▶ **YOUR INSTRUCTIONS**: Each line of the material should be set down exactly. Pictures are not part of the copy.

▶ **INFORMATION SHOWN**:
━━━━━━━━

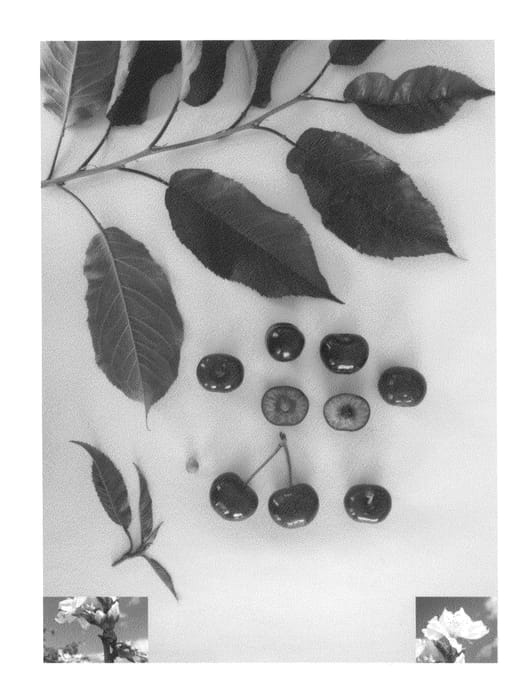 Figure 1 of US plant patent PP27274, the photograph of Arvin Bruce printed in the patent.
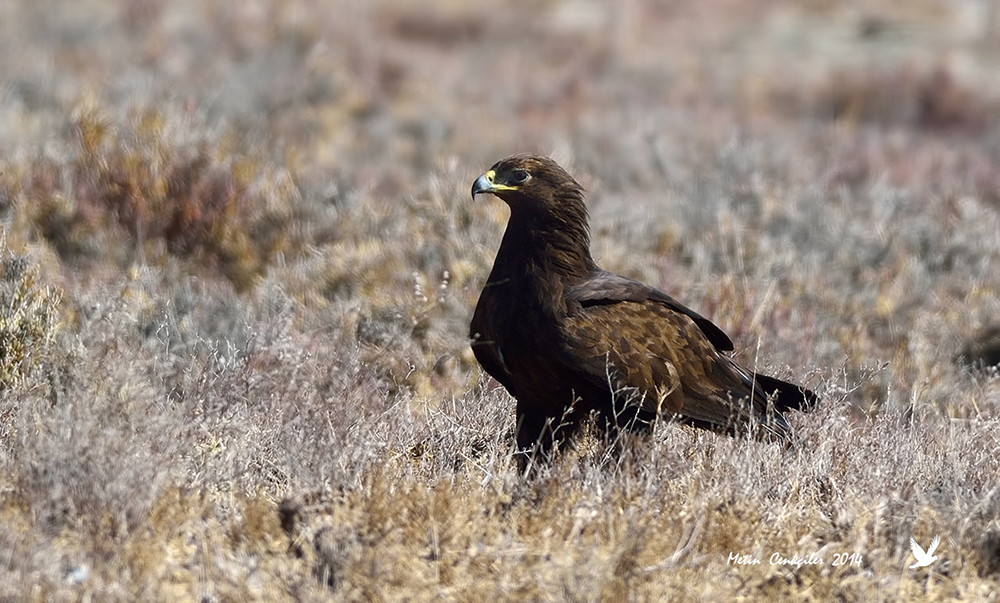 Greater Spotted Eagle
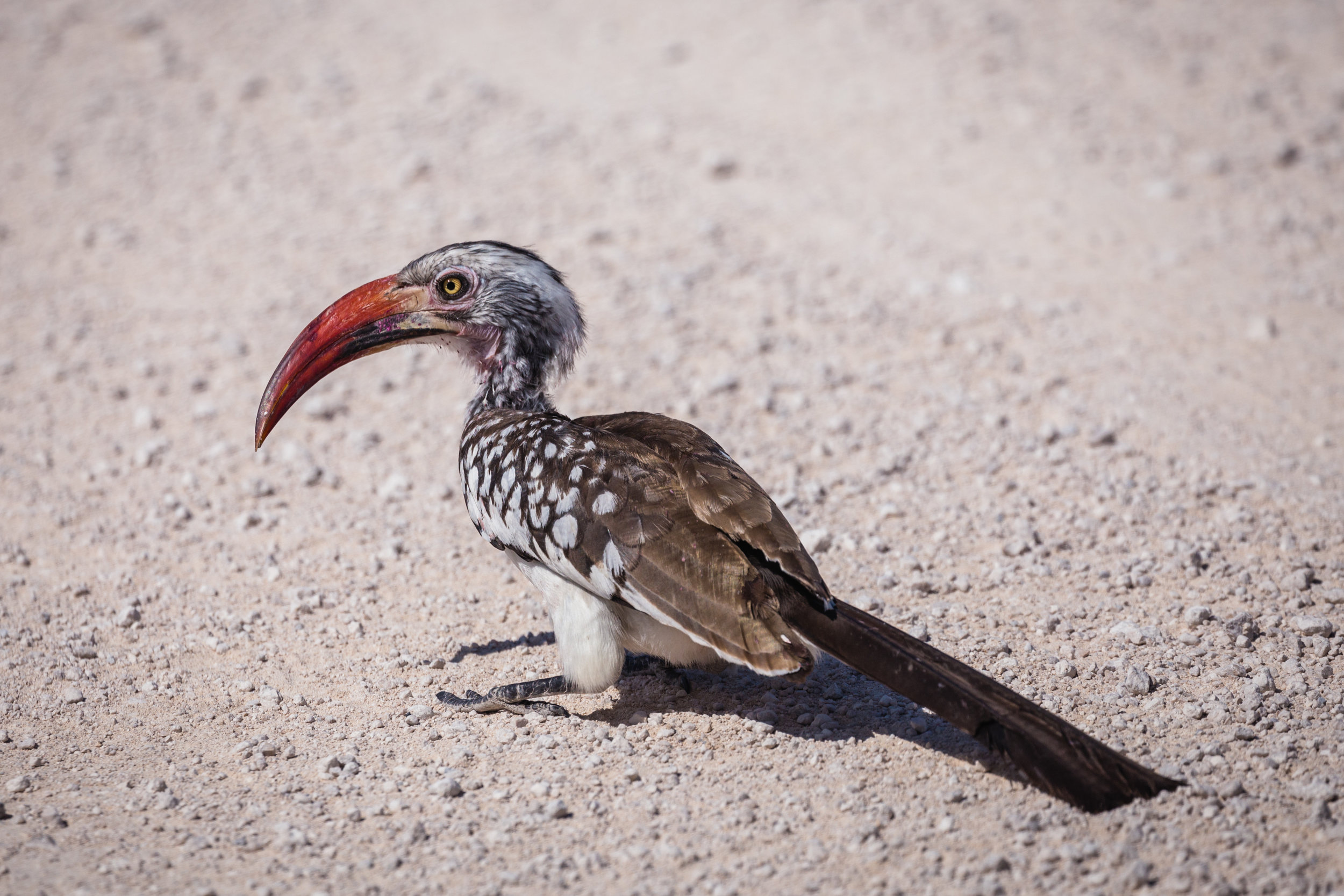 Hornbill. Etosha, Namibia (Aug. 2019)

━━━━━━━━

▶ **YOUR RESPONSE**:
 Figure 1 of US plant patent PP27274, the photograph of Arvin Bruce printed in the patent.
 Greater Spotted Eagle
 Hornbill. Etosha, Namibia (Aug. 2019)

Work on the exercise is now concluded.